This week, HAF will improve the lives of 528 students and their families by delivering fruit trees for students to take home and planting fruit trees in the schoolyard, teaching students agricultural techniques for sustainable development. This planting and distribution with children is the pinnacle of Sami’s Project, a HAF program inspired by the loving memory of Samil El Kouhen to bring sustainable benefits to youth in Morocco.

On Wednesday, March 13, the High Atlas Foundation will bring over three hundred trees to The Youssef Ibn Tachafin School in Aghouatime, a commune in Tahaoute. Headmaster Zhra Lklij will be present, along with HAF President, Yossef Ben-Meir and other key members of the HAF team. HAF Site Manager Malika Kassi worked with students in Youssef Ibn Tachafin School to discuss the importance of planting and caring for trees, so that they can understand good agricultural practices to help their families. This event will include planting of 18 orange and pomegranate trees in the school yard, and the distribution of 291 fruit trees, including pomegranate, lemon, fig, and olive to the students to bring home to their families.

The HAF team will visit Rhamna Province on Friday, Wednesday 15th to deliver nearly two thousand fruit trees to three different schools: Rhahla, Lbrabich and Laabidat Lossimat. Students in Rhamna are looking forward to receiving the trees that they asked for, after seeing the beautiful schoolyards with productive plants in their neighboring schools and the benefits for their families.

Sami’s Project encourages children to be their own advocates for education through the participatory approach that gives them a stake in their education, assuring that Sami’s students aren’t part of the 400,000 students in Morocco who drop out of school before their baccalaureate. This is because HAF teaches the benefits of small scale farming by showing the direct impact of innovative agricultural techniques on families’ income. Students that learn how to properly care for a fruit tree understand the opportunity to scale up and agricultural and market entrepreneurialism. HAF and communities are working to improve this model and the economic benefit as it seeks to incorporate organic certification of fruit trees around Morocco, and train students and families in these methods.

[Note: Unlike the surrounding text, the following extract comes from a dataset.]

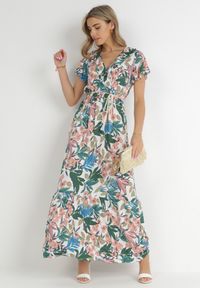 Born2be - Biało-Zielona Sukienka w Kwiaty z Wiskozy z Kopertowym Dekoltem Narma. Typ kołnierza: dekolt kopertowy. Kolor: biały. Materiał: wiskoza. Długość rękawa: krótki rękaw. Wzór: kwiaty. Typ sukienki: kopertowe. Długość: maxi #5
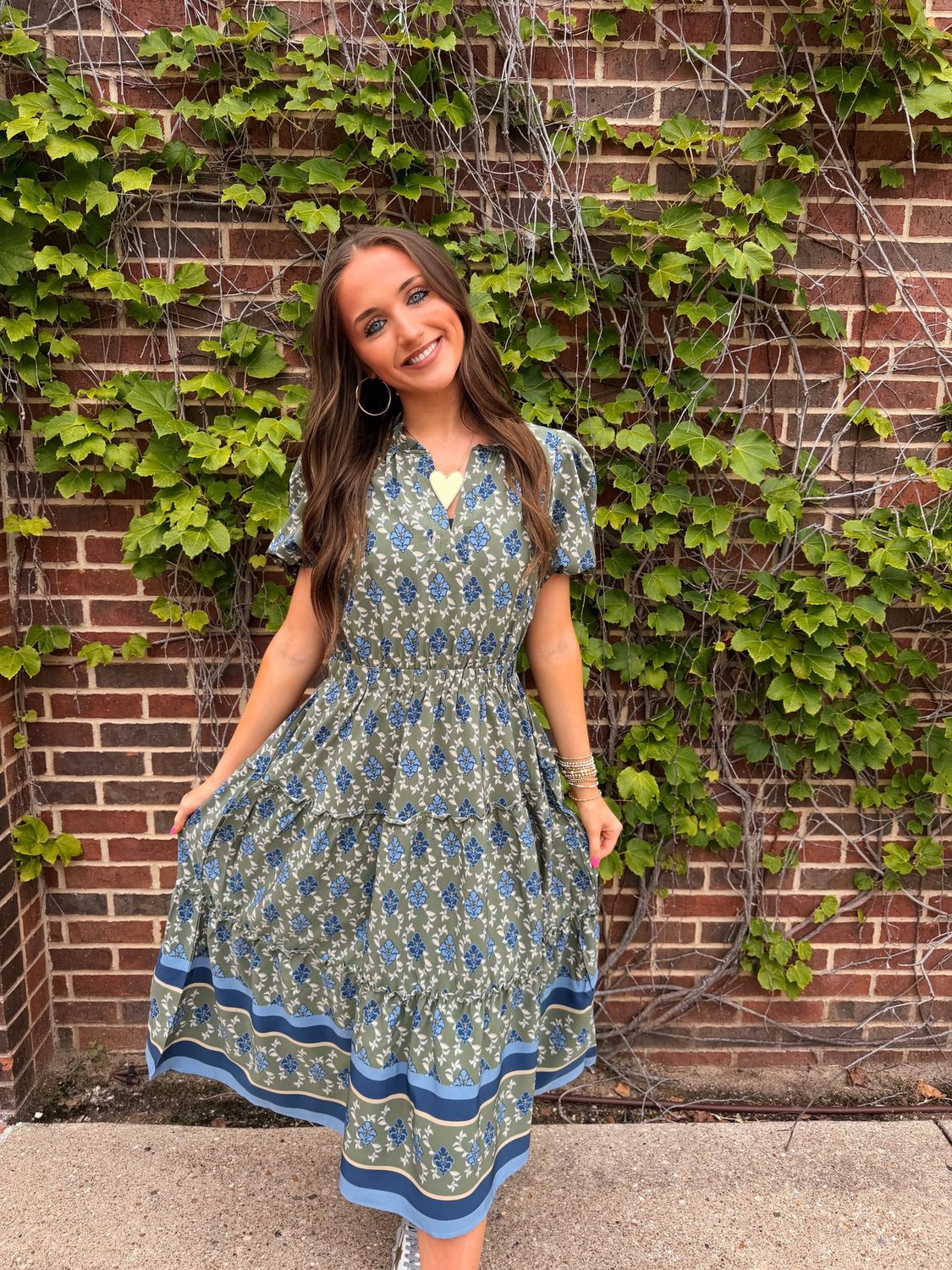 Lainey Midi Dress, Color: Damask Olive, Size: XS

The benefits of Sami’s Project resonate around Al Haouz and Rhamna, because the results are sustainable, and the next generation in Morocco will benefit the most. Sami’s Project teaches elementary school students the numerous benefits that trees can bring to a community, and then trains them in how to plant and maintain trees in their school yards. The eventual fruits of the trees will benefit each school. HAF coordinates this project with teachers, community members, local Ministry of Education delegates and members of communal councils. Labor to plant the trees is provided in-kind by the communities, and the students participate wholeheartedly in the planting.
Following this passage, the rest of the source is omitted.